Exercise objective:
Keep images out and repeat all data exactly.

Information supplied:
/---

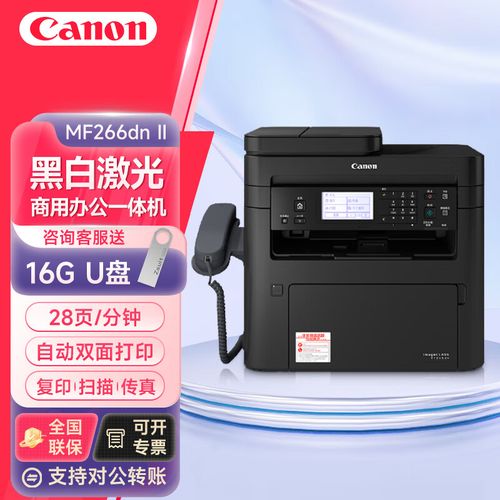 佳能mf232怎么扫描到电脑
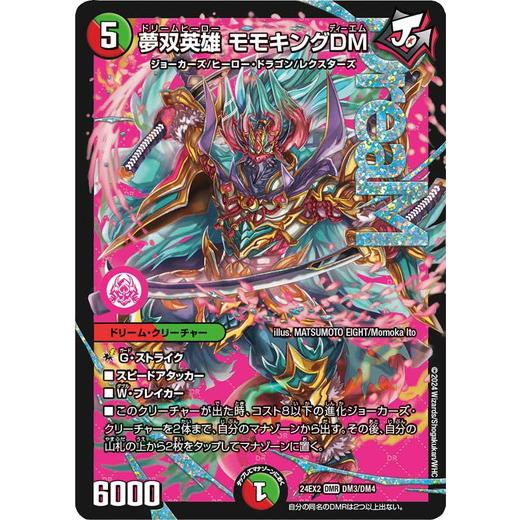 タカラトミー（TAKARA TOMY） 夢双英雄 モモキングDM ドリームレア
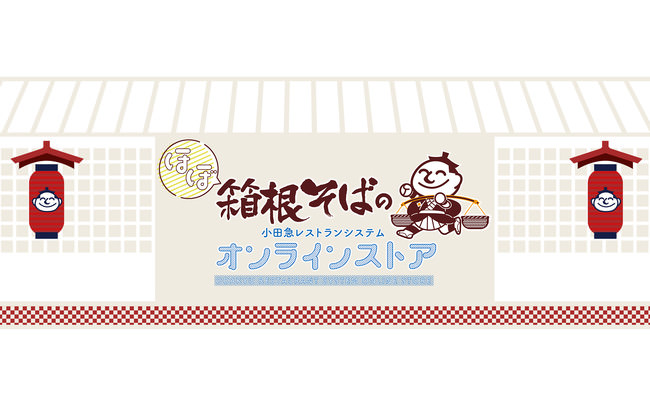 夏季限定！自慢のテラス席で韓国BBQ！サムギョプサル食べ放題を１５００円でご案内♪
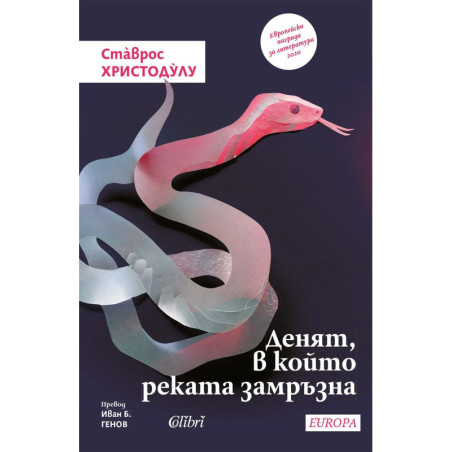 Денят, в който реката замръзна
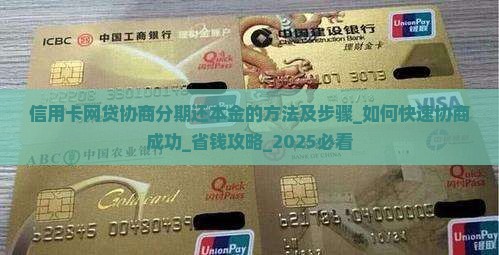 信用卡网贷协商分期还本金的方法及步骤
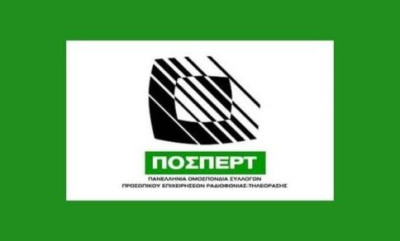 ΠΟΣΠΕΡΤ: «Δεν θα ανεχτούμε να γίνουμε τα θύματα επιχειρηματικών ή πολιτικών συμφερόντων»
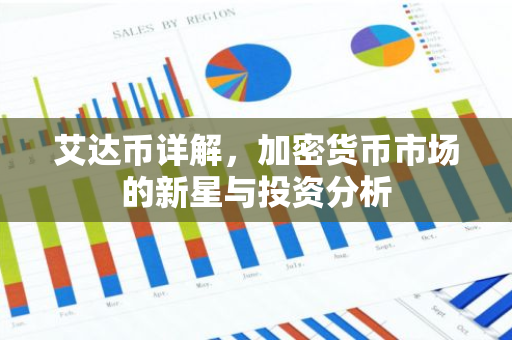 艾达币详解，加密货币市场的新星与投资分析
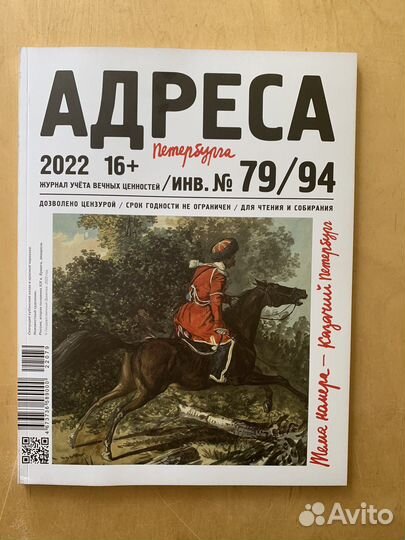 Казаки. Журнал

\---

Solution:
 佳能mf232怎么扫描到电脑
 タカラトミー（TAKARA TOMY） 夢双英雄 モモキングDM ドリームレア
 夏季限定！自慢のテラス席で韓国BBQ！サムギョプサル食べ放題を１５００円でご案内♪
 Денят, в който реката замръзна
 信用卡网贷协商分期还本金的方法及步骤
 ΠΟΣΠΕΡΤ: «Δεν θα ανεχτούμε να γίνουμε τα θύματα επιχειρηματικών ή πολιτικών συμφερόντων»
 艾达币详解，加密货币市场的新星与投资分析
 Казаки. Журнал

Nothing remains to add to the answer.